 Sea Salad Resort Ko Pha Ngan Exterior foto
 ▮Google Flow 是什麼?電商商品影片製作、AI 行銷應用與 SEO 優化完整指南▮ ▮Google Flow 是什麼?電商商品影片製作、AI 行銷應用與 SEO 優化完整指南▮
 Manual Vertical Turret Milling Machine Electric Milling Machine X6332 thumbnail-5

____________________

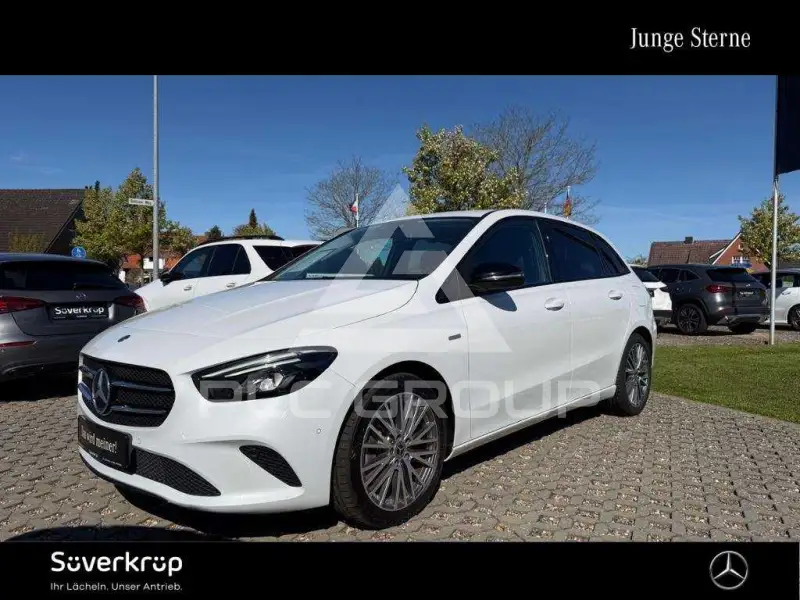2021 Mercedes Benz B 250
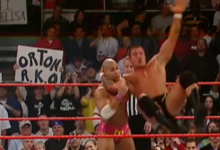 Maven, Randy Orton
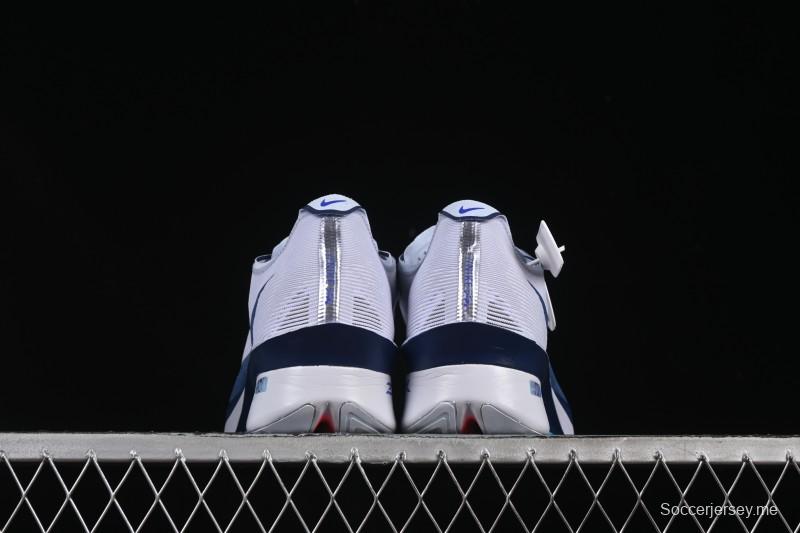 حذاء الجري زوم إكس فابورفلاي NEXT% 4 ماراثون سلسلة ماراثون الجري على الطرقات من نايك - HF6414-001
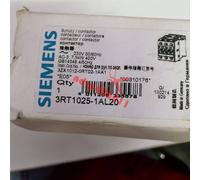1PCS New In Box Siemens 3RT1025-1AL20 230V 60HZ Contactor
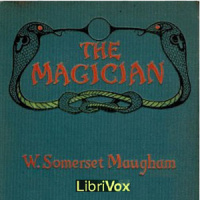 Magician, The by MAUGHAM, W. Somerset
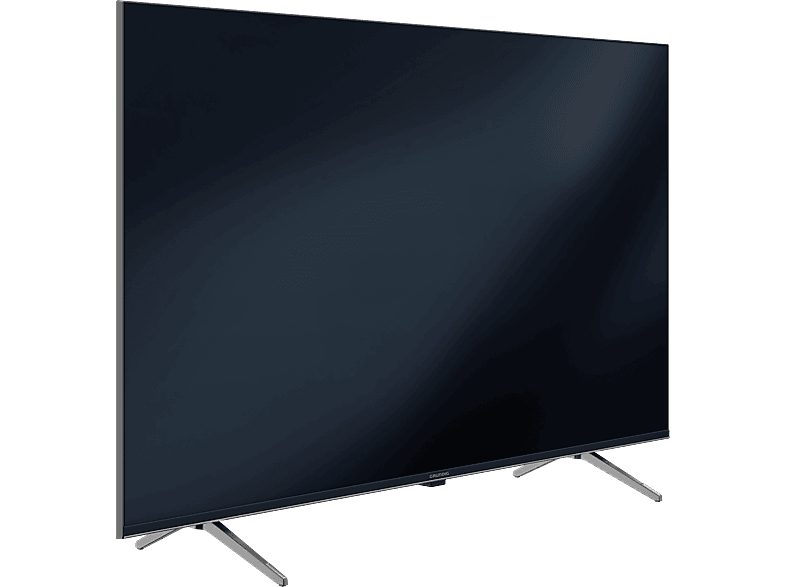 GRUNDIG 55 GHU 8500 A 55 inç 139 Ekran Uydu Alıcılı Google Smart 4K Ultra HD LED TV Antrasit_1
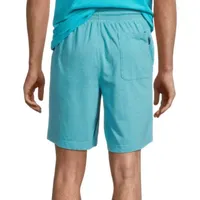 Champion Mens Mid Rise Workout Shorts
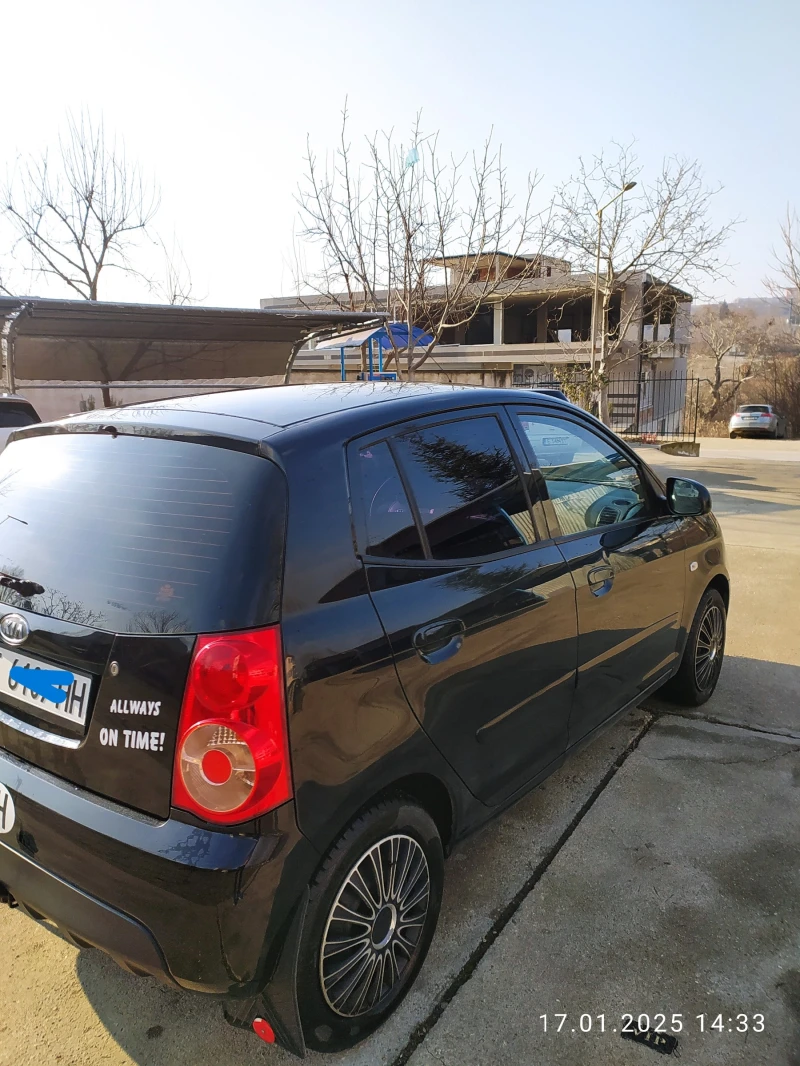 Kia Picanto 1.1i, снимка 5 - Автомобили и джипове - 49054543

____________________

▶ [TASK TO CARRY OUT]:
The answer is the lines of the material above, from the one containing "Maven, Randy Orton" down to the one containing "Kia Picanto 1.1i, снимка", given exactly and without images.

▶ [RESPONSE FOR THIS EXERCISE]:
 Maven, Randy Orton
 حذاء الجري زوم إكس فابورفلاي NEXT% 4 ماراثون سلسلة ماراثون الجري على الطرقات من نايك - HF6414-001
1PCS New In Box Siemens 3RT1025-1AL20 230V 60HZ Contactor
 Magician, The by MAUGHAM, W. Somerset
 GRUNDIG 55 GHU 8500 A 55 inç 139 Ekran Uydu Alıcılı Google Smart 4K Ultra HD LED TV Antrasit_1
 Champion Mens Mid Rise Workout Shorts
 Kia Picanto 1.1i, снимка 5 - Автомобили и джипове - 49054543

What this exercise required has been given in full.